Sapevo che ero importante per lui. Mi diceva che ero l'unico valore della sua vita. Ma non riusciva ad evitare di mancarmi di rispetto: mi tradiva, mi dava appuntamento e poi “si perdeva”, non si sa dove. Ma in realta' non mi sentivo imbrogliata perche' non era a me che doveva giustificare la sua condotta, ma soltanto a se' stesso. In fondo' lui non voleva, ma era incapace di negarsi agli amici che lo trascinavano nel vortice della perdizione. Capivo che avrebbe voluto andare a casa a dormire, dopo che mi accompagnava, ma peccava di volonta'. Era lui ad essere debole. Era lui, non io, che si danneggiava quando “si perdeva”. All'inizio ci stavo male. Ma poi imparai ad accettarlo perche' capivo che aveva bisogno di me e che alla sua maniera mi amava. In fondo, avevo in mano la situazione perche' potevo decidere cosa e fino a quale limite potevo tollerare il suo comportamento. Lui ammirava la mia fermezza. Nonostante la sua ignoranza, capiva il mio perfezionismo negli studi. E non questionava quando mi facevo negare perche' dovevo studiare. Forse era l'unico, tranne i miei genitori, che aveva accettato la mia transizione da “margherita” a “stella alpina”.
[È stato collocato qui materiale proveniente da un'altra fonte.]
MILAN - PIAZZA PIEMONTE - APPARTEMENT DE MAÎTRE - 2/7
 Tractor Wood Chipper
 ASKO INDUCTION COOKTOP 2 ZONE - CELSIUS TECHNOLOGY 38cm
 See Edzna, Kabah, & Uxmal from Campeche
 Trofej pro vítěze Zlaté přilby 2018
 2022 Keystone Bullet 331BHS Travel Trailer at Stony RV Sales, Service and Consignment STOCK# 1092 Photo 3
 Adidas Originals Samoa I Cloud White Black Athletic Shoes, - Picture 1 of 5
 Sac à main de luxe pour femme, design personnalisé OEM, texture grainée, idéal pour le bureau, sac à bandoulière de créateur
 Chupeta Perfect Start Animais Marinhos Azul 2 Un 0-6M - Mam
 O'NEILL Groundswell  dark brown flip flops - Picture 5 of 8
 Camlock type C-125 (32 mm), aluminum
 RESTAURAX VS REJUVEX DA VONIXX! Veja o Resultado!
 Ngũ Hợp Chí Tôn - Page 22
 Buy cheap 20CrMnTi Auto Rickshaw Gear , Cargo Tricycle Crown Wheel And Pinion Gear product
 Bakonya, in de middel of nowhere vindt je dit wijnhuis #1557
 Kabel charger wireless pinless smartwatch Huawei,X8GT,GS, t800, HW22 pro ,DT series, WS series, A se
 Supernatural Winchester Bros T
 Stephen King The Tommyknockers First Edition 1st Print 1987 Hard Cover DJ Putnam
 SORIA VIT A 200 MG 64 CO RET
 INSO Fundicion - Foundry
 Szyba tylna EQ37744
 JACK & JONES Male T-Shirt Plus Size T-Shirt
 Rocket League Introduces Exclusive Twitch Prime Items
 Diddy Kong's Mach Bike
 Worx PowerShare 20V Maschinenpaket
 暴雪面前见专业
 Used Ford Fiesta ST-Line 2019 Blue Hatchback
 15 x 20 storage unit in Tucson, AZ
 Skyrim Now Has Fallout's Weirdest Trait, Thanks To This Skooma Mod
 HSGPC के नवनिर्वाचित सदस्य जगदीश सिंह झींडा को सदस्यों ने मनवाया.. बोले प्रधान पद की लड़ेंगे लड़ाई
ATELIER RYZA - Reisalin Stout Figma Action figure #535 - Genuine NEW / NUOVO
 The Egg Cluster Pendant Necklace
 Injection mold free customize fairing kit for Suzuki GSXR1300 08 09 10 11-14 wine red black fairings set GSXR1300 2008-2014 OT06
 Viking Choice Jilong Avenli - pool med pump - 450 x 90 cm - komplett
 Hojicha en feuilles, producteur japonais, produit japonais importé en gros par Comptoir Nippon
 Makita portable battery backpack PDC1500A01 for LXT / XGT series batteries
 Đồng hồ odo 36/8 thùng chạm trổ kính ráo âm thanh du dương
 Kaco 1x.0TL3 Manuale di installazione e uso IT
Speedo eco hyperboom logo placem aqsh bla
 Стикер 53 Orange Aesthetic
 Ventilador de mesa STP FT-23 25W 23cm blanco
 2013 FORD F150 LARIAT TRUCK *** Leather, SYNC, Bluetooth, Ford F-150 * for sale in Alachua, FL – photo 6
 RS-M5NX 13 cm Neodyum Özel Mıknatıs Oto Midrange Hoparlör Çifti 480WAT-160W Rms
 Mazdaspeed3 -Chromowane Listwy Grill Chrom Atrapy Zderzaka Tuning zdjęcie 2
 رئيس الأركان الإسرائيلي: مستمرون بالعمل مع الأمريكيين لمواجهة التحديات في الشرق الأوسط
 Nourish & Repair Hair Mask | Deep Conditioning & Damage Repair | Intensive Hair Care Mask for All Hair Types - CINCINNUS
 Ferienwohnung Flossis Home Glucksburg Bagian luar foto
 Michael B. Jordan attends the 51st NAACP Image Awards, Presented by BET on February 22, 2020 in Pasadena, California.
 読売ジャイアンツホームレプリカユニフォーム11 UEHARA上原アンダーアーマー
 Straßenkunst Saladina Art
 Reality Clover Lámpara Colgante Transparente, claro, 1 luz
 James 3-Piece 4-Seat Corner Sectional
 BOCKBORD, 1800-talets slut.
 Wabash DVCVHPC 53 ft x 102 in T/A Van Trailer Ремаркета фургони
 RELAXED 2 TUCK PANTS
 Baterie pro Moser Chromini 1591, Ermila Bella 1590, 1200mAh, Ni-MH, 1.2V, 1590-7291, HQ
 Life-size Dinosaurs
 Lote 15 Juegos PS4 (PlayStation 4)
Ma ora che mio padre non c'era piu', cominciavo a rendermi conto che la relazione era solo apparentemente duratura. In fondo eravamo due anime solitarie che si accettavano reciprocamente e che si incontravano quando entrambe erano libere dalla propria schiavitu': io dalla mia volonta', lui dalla sua labilita'.
Eravamo due persone smodate. Quando ci siamo incontrati, anche io tendevo ad eccedere nella sua stessa direzione, ma poi ho invertito la rotta. E adesso sentivo che mi ero allontanata troppo e non accettavo piu' la sua lascivia. Non mi attirava piu' la sua sregolatezza, anzi cominciava a farmi paura perche' diventava sempre piu' pericolosa. C'erano momenti in cui diventava violento ed era impossibile parlargli. E purtroppo questi episodi stavano diventando sempre piu' frequenti. La mia vita era in pericolo e di conseguenza anche quella della mia famiglia.
Decisi che era giunto il limite della sopportazione. Il rapporto si stava rivelando distruttivo. Ed io ero stanca di distruzioni. La mia vita era gia' abbastanza devastata. Non mi illudevo di poter incontrare una persona con cui avere un rapporto di condivisione e non di sopportazione. Ma almeno restando da sola avrei ritrovato la tranquillita'. Avrei dormito serena senza sentirmi complice del suo vizio.
Mi resi conto che volerlo aiutare era stata un'illusione. Lui non cercava aiuto, ma dipendenza: voleva delegarmi la responsabilita' della sua vita.